The KRAS MT-associated down-regulation of the IFNγ pathway and reduced infiltration of cytotoxic T cells (i.e., those with properties common to CD8+ T, Tγδ, and natural killer cells) and neutrophils indicate that the immunosuppressive impact of KRAS mutation that we previously observed is robust, if modest. Recent data demonstrate the interconnectedness of CD8+ T cells and neutrophils with the IFNγ pathway in CRC (32): addition of neutrophils to CD8+ T cells (activated via sub-optimal concentrations of anti-CD3 and anti-CD28 antibodies) led to increased IFNγ release and T cell proliferation. In turn, activated CD8+ cells enhanced neutrophil viability. Furthermore, activated neutrophils co-localize with immature DCs, leading to their maturation (33). The resulting DCs drive T cell proliferation and Th1 skewing.

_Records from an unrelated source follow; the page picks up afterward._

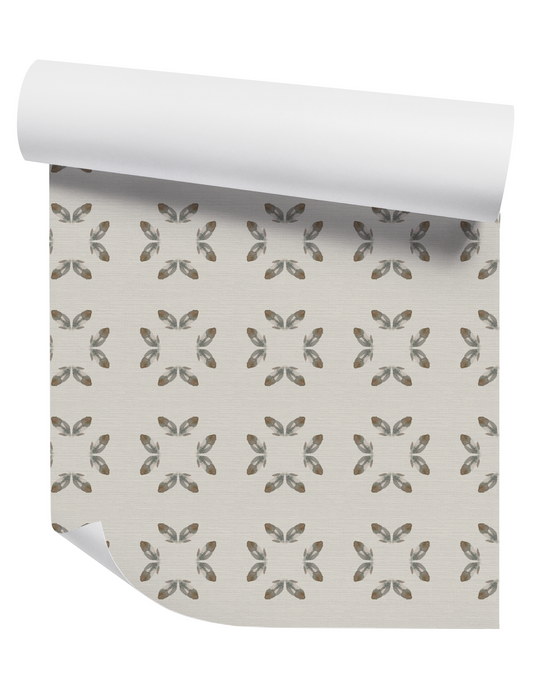 Painted Petal Square on Off White Wallpaper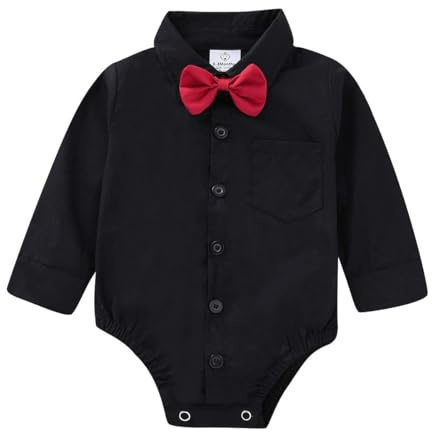OPAWO Baby Shirt Romper 100% Organic Cotton Newborn Vests, Long Sleeve Bodysuits for Baby Boys and Girls, Bow-tie Button Down Babies T Shirts for Wedding Suit Christening Outfit (Black L,3-6 Months)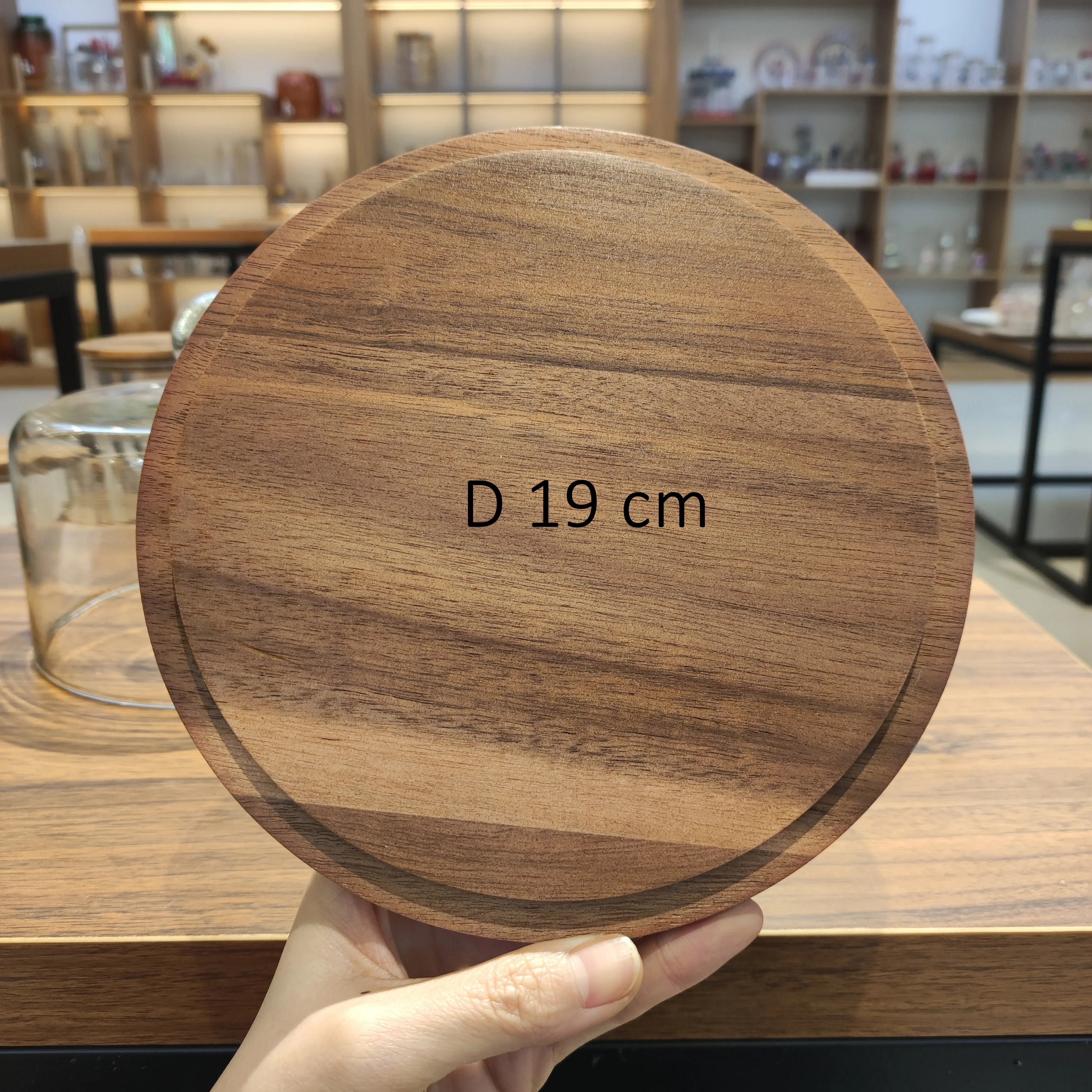 High Quality Acacia Wood Cake Holder Flat Round Wood Server Cake Stand with Glass Dome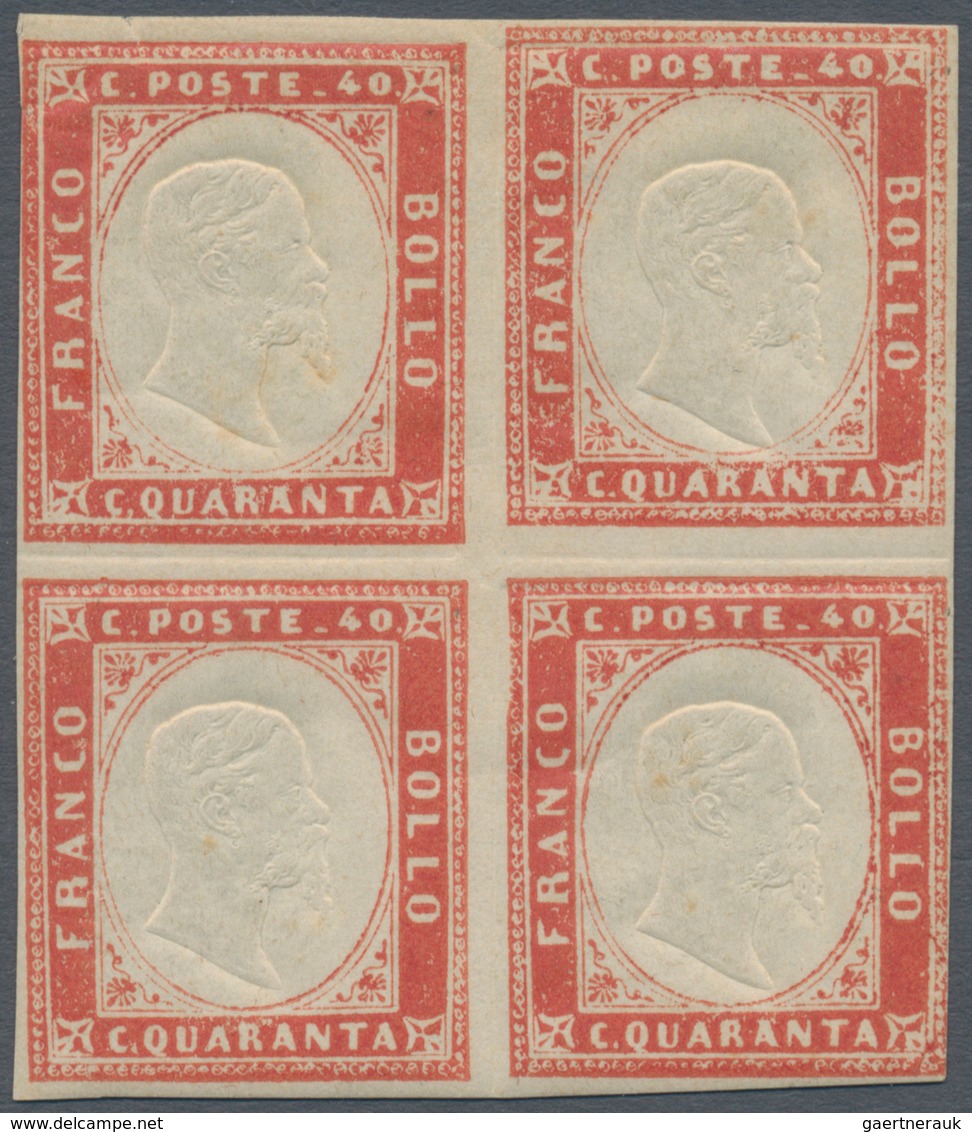 00851 Italien - Altitalienische Staaten: Sardinien: 1855, 40 Cents Ruby Red, Print Of 1855, Block Of Four, - Sardinia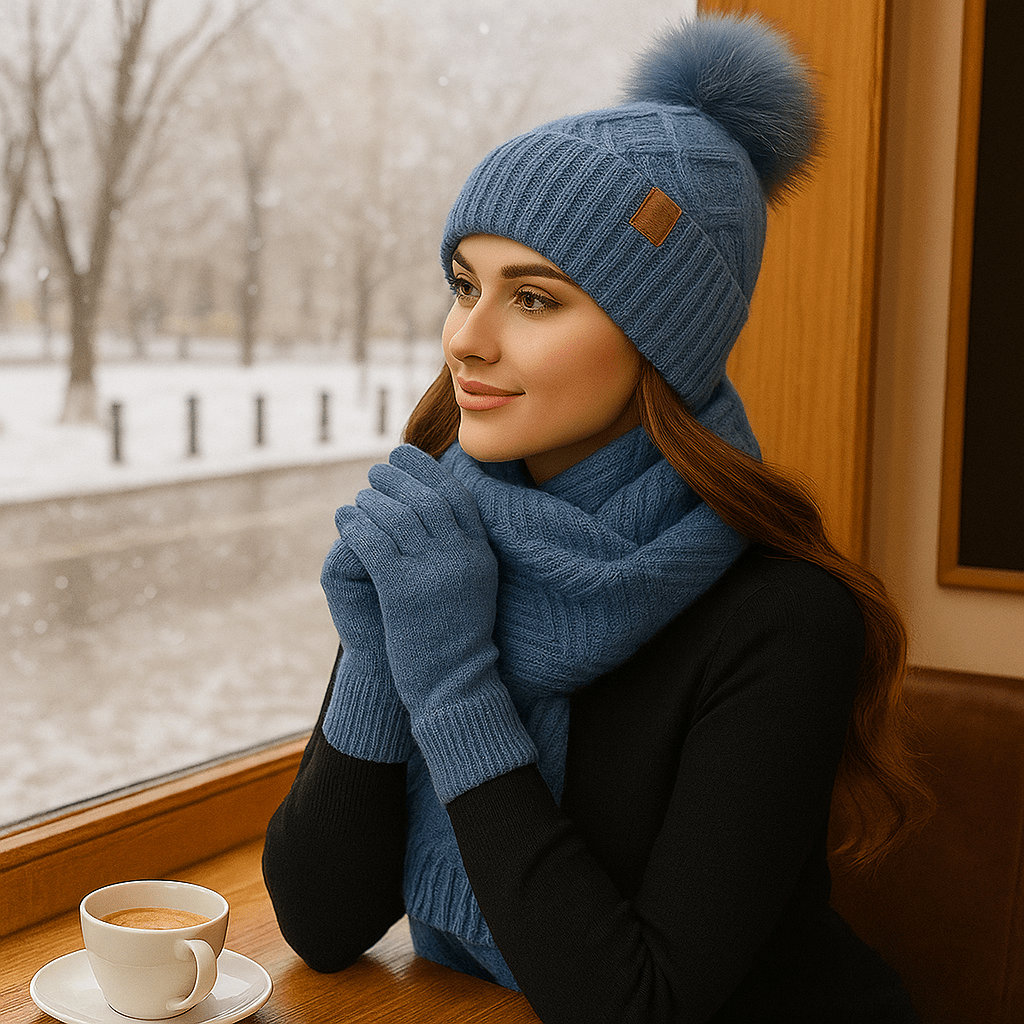 Women's Winter - Hat - Scarf - Gloves Set - Cozy Knit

Pre-clinically RAS mutation has been shown to reduce the levels of STAT1 (17,18). Consistent with these findings, we demonstrated that RAS MT cancers are associated with significantly lower STAT1 within the context of the tumour microenvironment. The pre-clinical data also showed that RAS mutation reduced STAT1-dependent transcriptional activity (17); indeed, we detected reduced expression of the STAT1 target CXCL10 at the RNA and protein levels in KRAS MT relative to WT samples. KRAS mutation may additionally down-regulate CXCL10 via its activation of MEK-ERK signalling, which we observed in both data sets using a previously published (34) five-gene MEK signature (data not shown). We observed that KRAS MT reduced expression of a second STAT1 target, CIITA, in the TCGA data set. No such trend was detected in the KFSYSCC data set. However, CIITA expression was suppressed in this data set, which would likely mask any KRAS MT-mediated STAT1 impact. Transcriptional repression of CIITA is seen in a proportion of CRC samples (30) as is the complete failure of IFNγ to induce class II expression in half of primary CRC cells (31). Both of these effects are RAS-independent. To control for CIITA silencing (and thus lack of class II inducibilty), we analysed the 50% of CRC samples that detectably expressed class II molecules (and in which CIITA must be transcribed and hence under the influence of STAT1). In these samples, we demonstrated that RAS MT cancers had significantly lower expression of class II surface makers compared with RAS WT cases. Significantly, we demonstrated that both CMS classification and KRAS mutation status are independently and significantly associated with dysregulation of STAT1, CXCL10, and CIITA. The CMS-associated effect presumably reflects previously-reported reduced IFNγ signalling in CMS2 tumours (21), which leads to correspondingly reduced transcription of STAT1 target genes (17). Our findings and the cited literature are consistent with a cell autonomous role for KRAS in modulating STAT1 and its downstream targets CXCL10 and CIITA. Nevertheless, we cannot formally exclude the possibility that this KRAS effect is attributable, in whole or in part, to the reduced immune infiltration of CMS2 CRC with corresponding reduced environmental IFNγ. However these two factors are clearly intimately related.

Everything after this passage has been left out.